戰士劉亞偉是一名班長,每次訓練時,看到自己的“部下”踩點很準,而自己老是出“風頭”,該出腿時擺了臂,該甩花時喊了呼號,出盡了洋相,覺得自己很“丟人”,為找回麵子,從訓練科找來錄音帶,一有時間就聽。在考核過關時,他評上了優秀,終於又在自己的班裏挺起了“腰板”。為了加強記憶,戰士們想出了不少辦法,他們將音樂節奏分解成“一、二、三、四”口令節奏,製成簡譜,寫在紙上,睡下鋪的戰士貼在上鋪的床板下,午休、睡覺時,一睜眼就能看到。由於太疲勞,戰士們往往是在背“簡譜”的過程中進入夢鄉。超強度、超負荷的訓練,使官兵們精神高度緊張,在睡夢中許多戰士依然喊著白天訓練時“祖國萬歲”、“共產黨萬歲”的口號。政治部報道組戰士薛俊峰在人員緊張的情況下,被抽調參加方隊訓練,盡管是一名從後勤戰線下來的戰士,他依然從難從嚴要求自己。一天夜裏,睡夢中的他依然想著白天方隊訓練時踢正步、甩花束,整個身子一下子從上鋪滾下來,重重地砸在樓板上,不幸中的萬幸是被子救了他一命,被子墊底,但右腳根還是被摔傷,他隻是到衛生隊拿了一些跌打損傷藥,便一瘸一拐地上了訓練場。
6月17日,班長陳誌勇休息時去廁所,尿出的竟是紅色的血尿,同班戰士馬強見狀連忙驚叫道:“班長,您尿血了?”陳誌勇連忙製止小馬:“千萬別告訴中隊領導。”他裝無事般地從容走上訓練場。
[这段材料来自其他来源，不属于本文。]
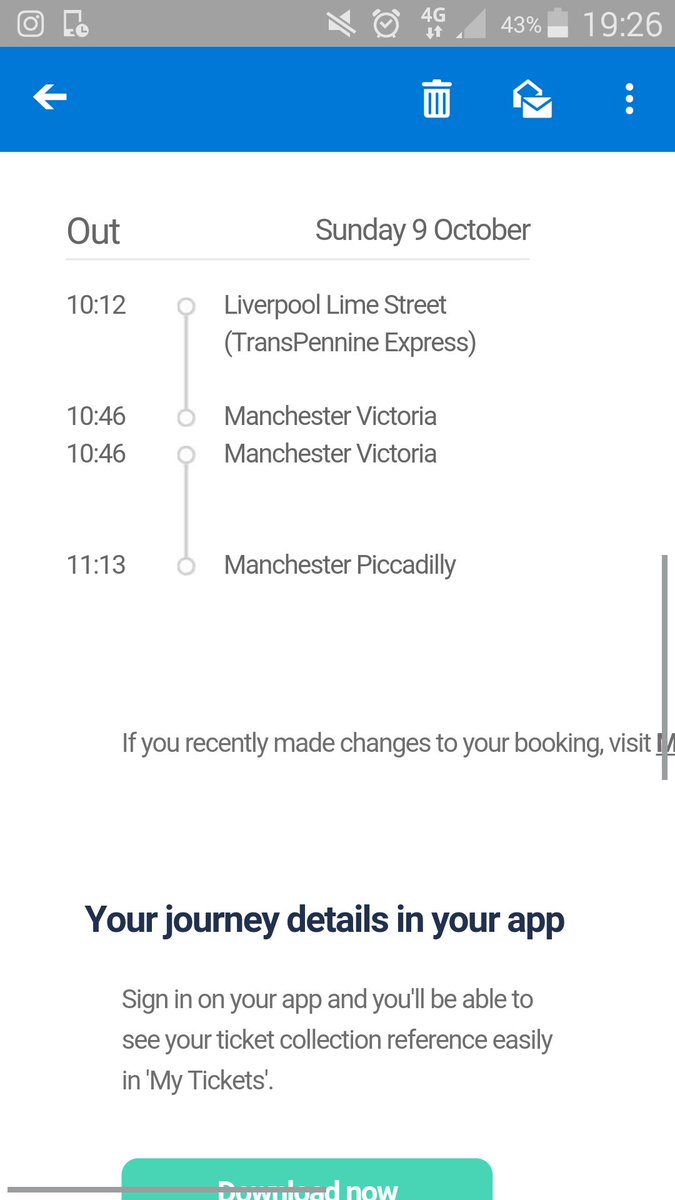 blessed_damozel's tweet photo. @nationalrailenq my connecting train leaves as I arrive, can I use my prebooked ticket on the next train out?! https://t.co/rTbH5qcpYO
在國旗方隊訓練場,無論是清晨還是夜晚,你總能聽到激昂的音樂、洪亮的呼號聲,一個住在部隊附近愛早起晨練的範明貴大爺,掐表作過一精確的統計:好家夥,戰士們一天的訓練時間加起來足足有十多個小時。心痛戰士的他,在一個酷熱的中午蹬三輪車拉來一大桶綠豆湯,硬要戰士們喝下。
在支隊大院,隨處可見各中隊門前放置的大音箱,那是為強化記憶、掌握表演動作的音樂節拍而準備的。訓練場的正前方,擺放著一塊塊黑板,上麵記載著“訓練標兵”、“國旗方隊訓練抒懷”,中隊與中隊、大隊與大隊之間進行的挑應戰擂台賽,“流血流汗不流淚,掉皮掉肉不掉隊”、“誰英雄誰好漢,訓練場上比比看”的標語與口號隨處可見。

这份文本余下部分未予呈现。